Awesome, thank you for your reply. How does it handle water? Does it get more stretchy when it is wet? Also, is it easy to wash? Just wondering if they seem like they will last a long time


----------



## CV50

Average turn around time from date of order ??


----------



## kpjimmy

CV50 said:


> Average turn around time from date of order ??


You can ask him on IG. But his site currently says turn around time is about 4 weeks. As of 4.18.2020

Sent from my SM-G970U using Tapatalk


----------



## LosAngelesTimer

I've been waiting five weeks for my order of two straps. Beginning to get frustrated. I emailed him today.


----------



## kpjimmy

LosAngelesTimer said:


> I've been waiting five weeks for my order of two straps. Beginning to get frustrated. I emailed him today.


Have you tried to DM him on IG as a follow-up?

Sent from my SM-G970U using Tapatalk


----------



## LosAngelesTimer

kpjimmy said:


> Have you tried to DM him on IG as a follow-up?
> 
> Sent from my SM-G970U using Tapatalk


Not yet. Rather than peppering Nick with messages across multiple media, I'll wait a couple of days for a response before resorting to another platform.


----------



## LosAngelesTimer

Got a reply that "maybe" by the end of this week, which means six weeks. These better be some damn fine straps!
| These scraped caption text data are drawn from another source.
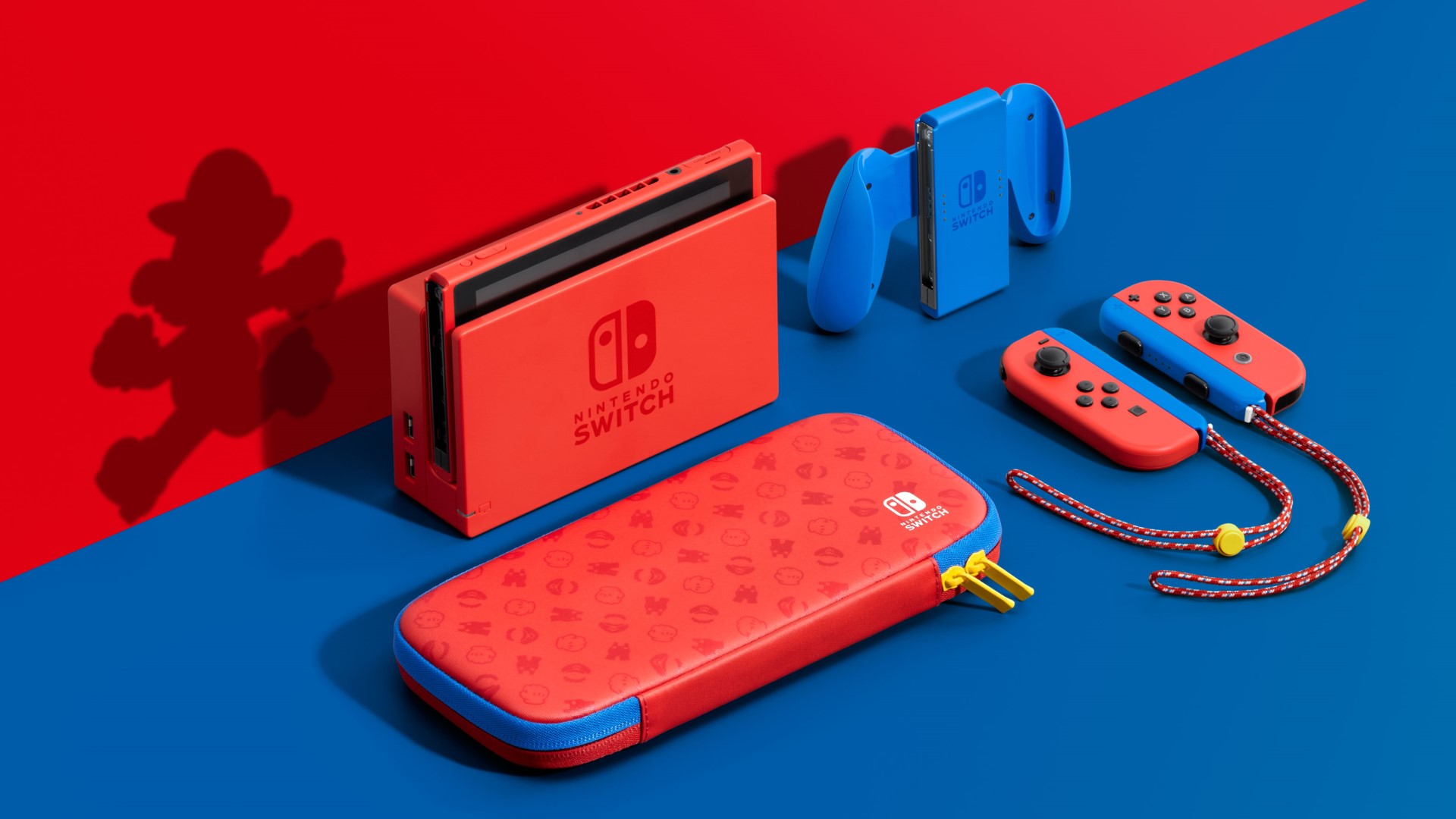 A special edition Nintendo Switch console and accessories are styled with a red and blue Mario theme. The set includes a red console dock, Joy-Con controllers in red and blue, Joy-Con straps with a Mario design, and a red carrying case with Mario-themed patterns—perfect for enjoying your favorite Nintendo Switch games. | BeTechIT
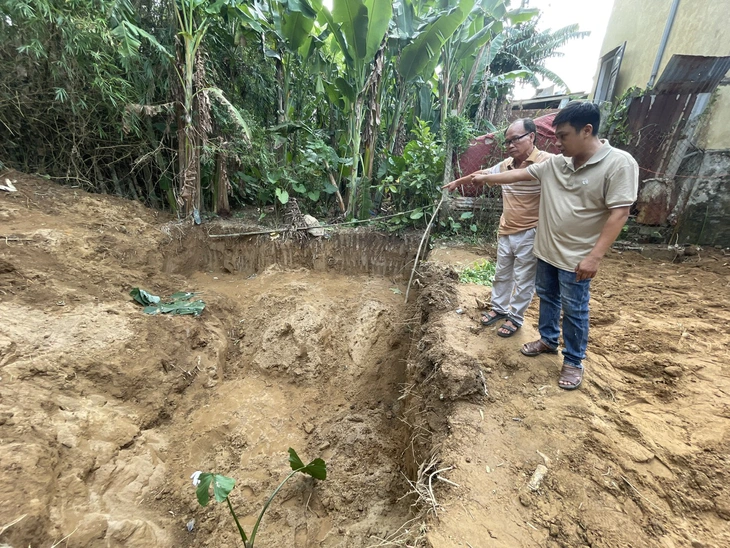Dân báo có 3 mộ liệt sĩ bên chân cầu Câu Lâu, bộ đội đào xuống và tìm thấy cả ống thở cao su của đặc công - Ảnh 1.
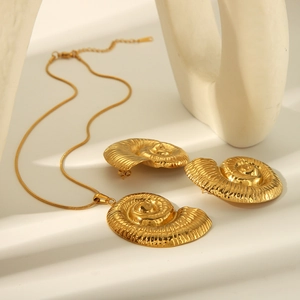 18K gold plated stainless steel seashell necklace and earring set on minimalist props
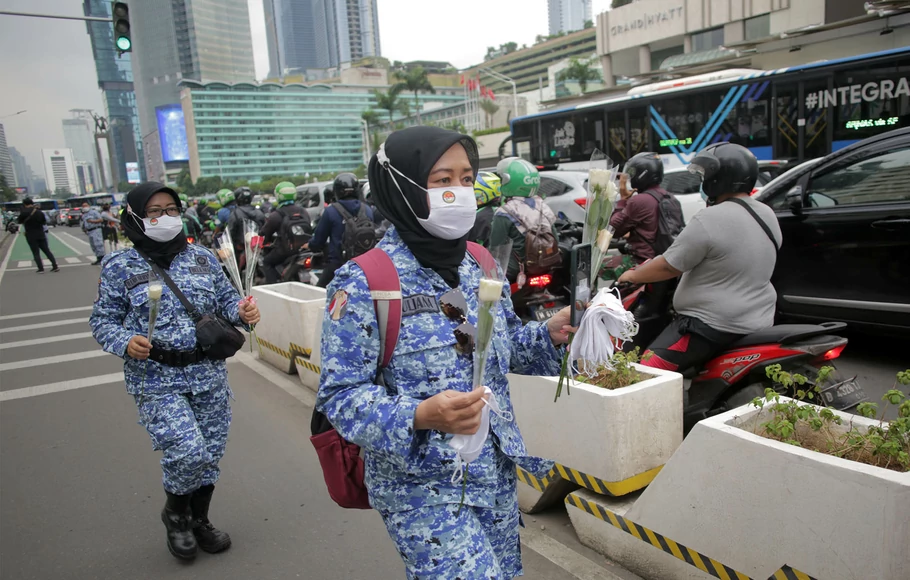 Sejumlah anggota kader Bela Negara membagikan bunga dan masker kepada pengguna jalan perempuan sebagai bentuk apresiasi dalam peringatan hari Ibu di Jalan MH Thamrin, Jakarta Pusat, Rabu, 22 Desember 2021. 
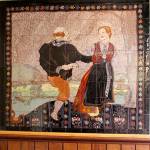 An exquisite tile mural depicting an older couple folk dancing. It, too, once hung in Loretta&rsquo;s Gift Shop and now will become the property of West Sound Group.                                Terryl Asla/Kitsap News Group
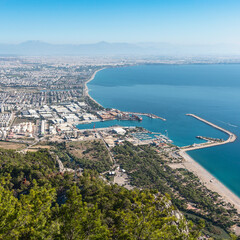 Wall Mural - top view of the bay and resort Turkish city of Antalya against the backdrop of mountains and blue sky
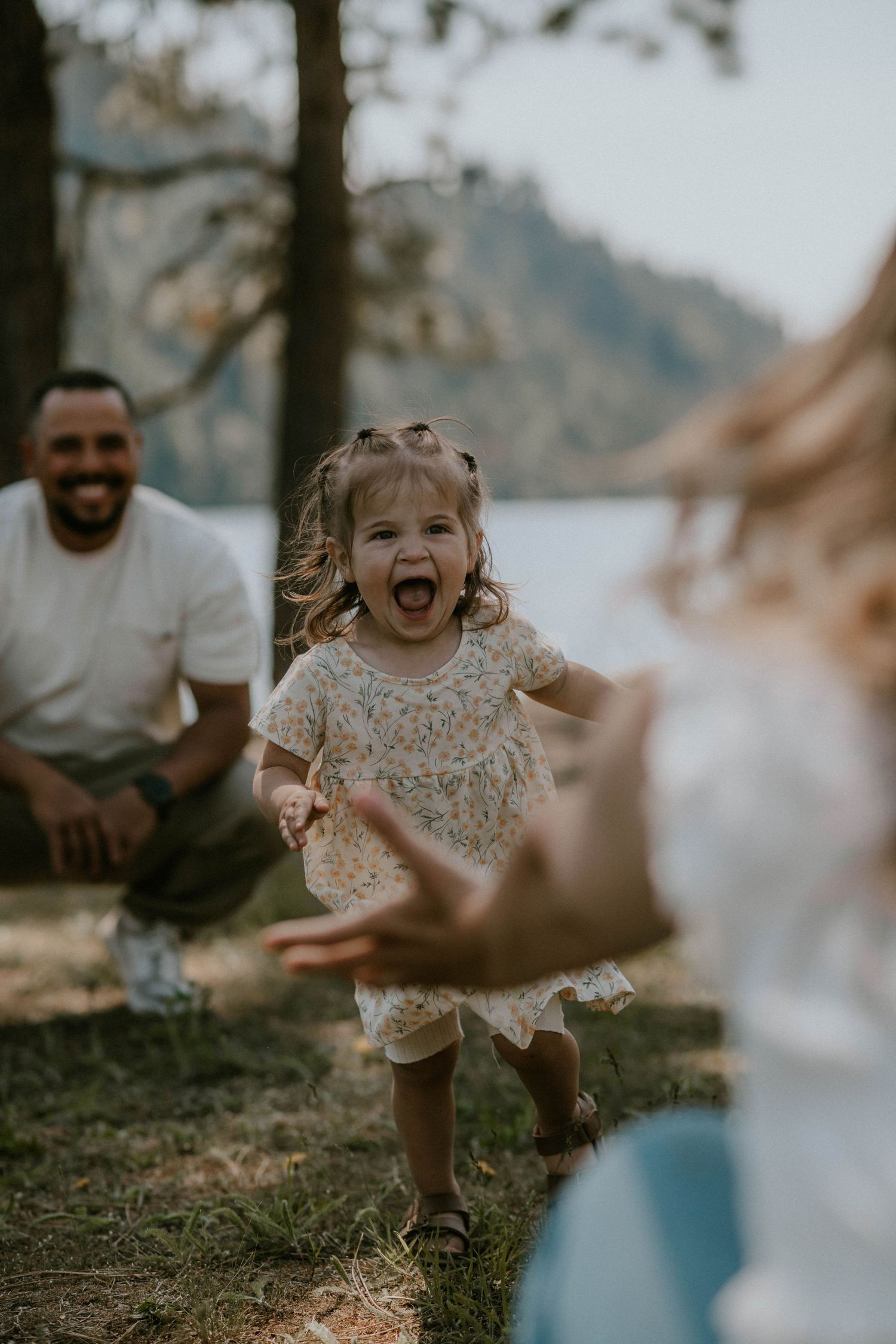 A couple smiles warmly at their toddler daughter playing outdoors near a lake surrounded by trees.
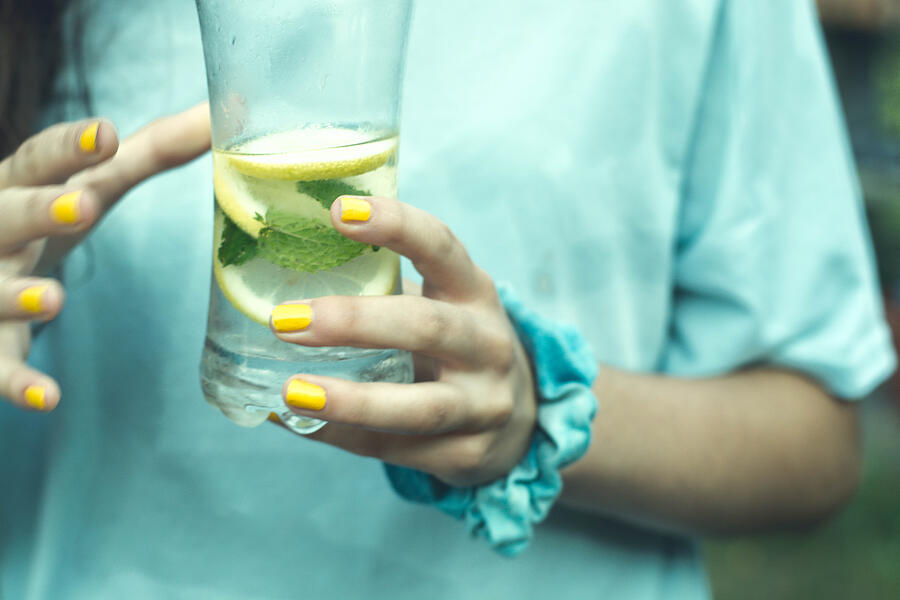 Girl With A Glass Of Water With Lemon And Mint #1 Photograph by Crispin la valiente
_EDIT: I actually looked at my calendar and I'm already into the sixth week, which means we're looking at seven weeks. Seems a bit excessive. I'm having a watch custom made by Damasko and they're saying it'll take roughly the same amount of time. Hmmm..._


----------



## agentdaffy007

Me too i have been patient. I ordered mine since March 23, 2020. It has been 6 weeks already. When I ordered, his website wrote 4 weeks.



LosAngelesTimer said:


> Got a reply that "maybe" by the end of this week, which means six weeks. These better be some damn fine straps!
> 
> _EDIT: I actually looked at my calendar and I'm already into the sixth week, which means we're looking at seven weeks. Seems a bit excessive. I'm having a watch custom made by Damasko and they're saying it'll take roughly the same amount of time. Hmmm..._


----------



## Sillygoose

agentdaffy007 said:


> Me too i have been patient. I ordered mine since March 23, 2020. It has been 6 weeks already. When I ordered, his website wrote 4 weeks.


I also ordered on March 23. I received my order on May 2. Hopefully yours will arrive soon.

Tappy Talkied


----------



## agentdaffy007

Hi, thank you for your comment. Hopefully it will show up!



Sillygoose said:


> agentdaffy007 said:
> 
> 
> 
> Me too i have been patient. I ordered mine since March 23, 2020. It has been 6 weeks already. When I ordered, his website wrote 4 weeks.
> 
> 
> 
> I also ordered on March 23. I received my order on May 2. Hopefully yours will arrive soon.
> 
> Tappy Talkied
Click to expand...


----------



## MarkND

I saw on IG that he is in the middle of a move. So that might account for some of the delay.


----------



## kpjimmy

...














Sent from my SM-G970U using Tapatalk


----------



## LosAngelesTimer

About to head into week eight. Still no straps or shipping notification.


----------



## seikonoobie

Received my Nick Mankey Design strap!

Placed order online 3/29/20
Received email with shipment/tracking information 5/14/20
Received strap via USPS 1st Class Mail 5/18/20

Initial reaction of the strap is that it looks and feels very comfortable on the wrist, and is well-made. I plan to slip it on/off the wrist rather than using the hook. I am so far pleased with the strap.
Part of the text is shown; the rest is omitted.